A Republican-controlled House committee voted Wednesday to hold Attorney General Eric Holder in contempt of Congress for failing to turn over Justice Department documents.
The party-line vote was 23-17. The controversy goes next to the full House, which is to vote next week unless there is some resolution in the meantime.
The vote followed a decision by President Barack Obama earlier in the day to assert executive privilege for the first time in his administration in order to protect the confidentiality of the documents.
The last Cabinet member to be cited by a congressional committee for contempt was Attorney General Janet Reno in President Bill Clinton's administration.
The recommendation by the House Oversight and Government Reform Committee next will go to the full House for a vote.
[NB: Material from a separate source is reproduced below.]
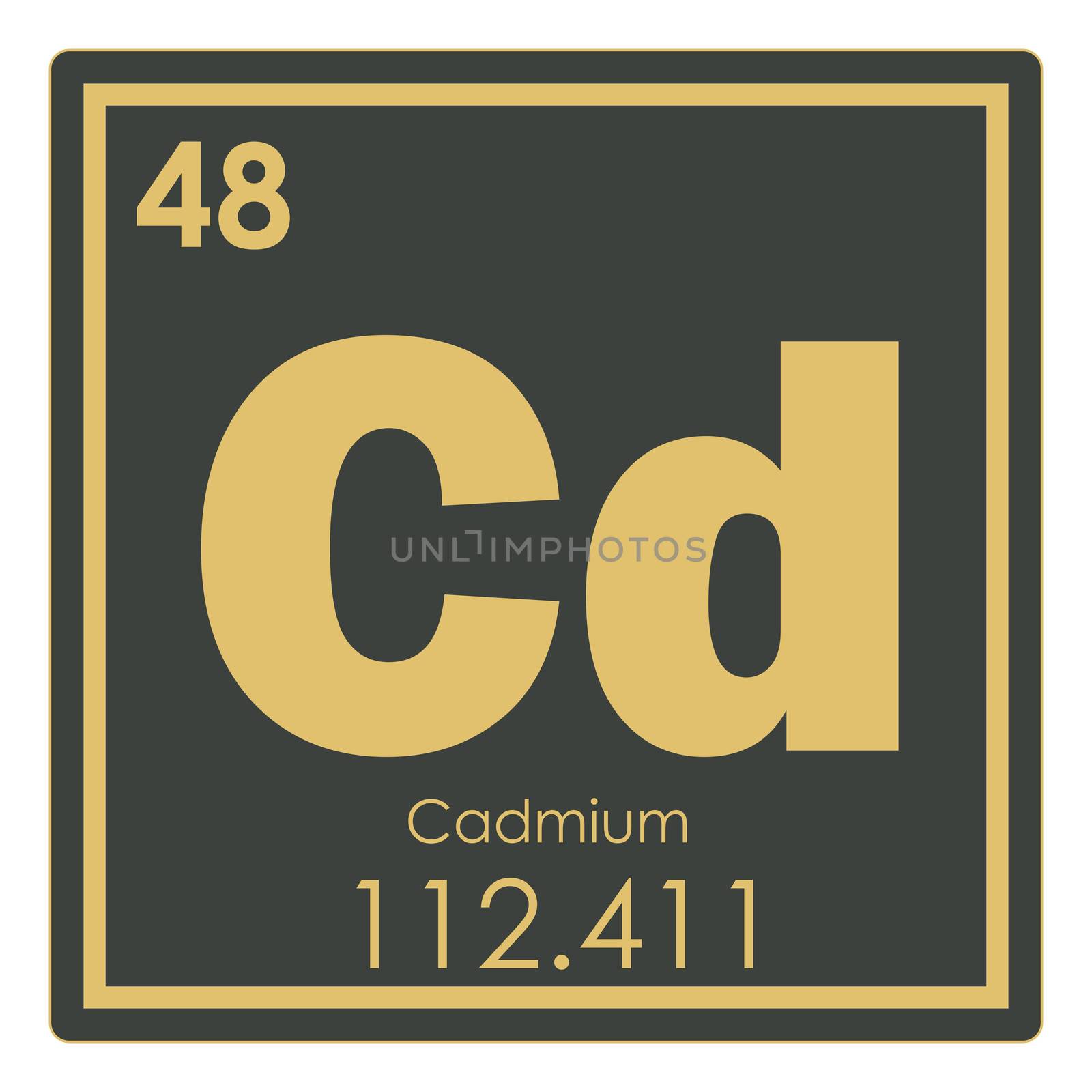 Cadmium chemical element by tony4urban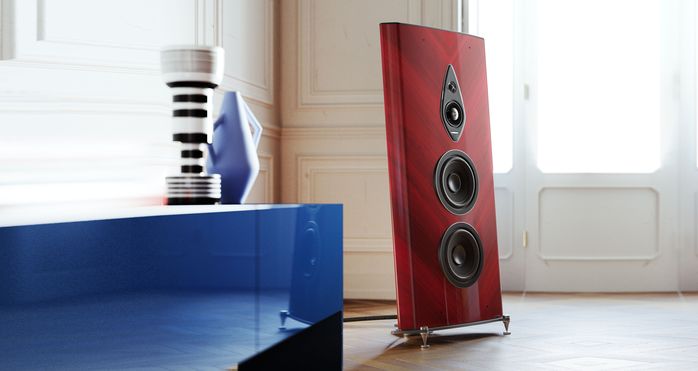 ottimo diffusore Hifi, bello come un violino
Speaker John Boehner's office said that vote would occur next week unless a resolution concerning the documents is worked out before then.
Earlier in the day, in a letter to the committee chairman, Darrell Issa of California, a Justice Department official said the president had invoked executive privilege.
The official said the privilege applies to documents that explain how the Justice Department learned there were problems with an investigation in Arizona of gun-running into Mexico, called Operation Fast and Furious.
At the start of a hearing, Issa called the president's action "an untimely" assertion of privilege.
Technically, if the full House approved a contempt citation, there could be a federal criminal case against Holder, but history strongly suggests the matter won't get that far.
"The president has asserted executive privilege," Deputy Attorney General James Cole said in the letter to Issa. "We regret that we have arrived at this point, after the many steps we have taken to address the committee's concerns and to accommodate the committee's legitimate oversight interests."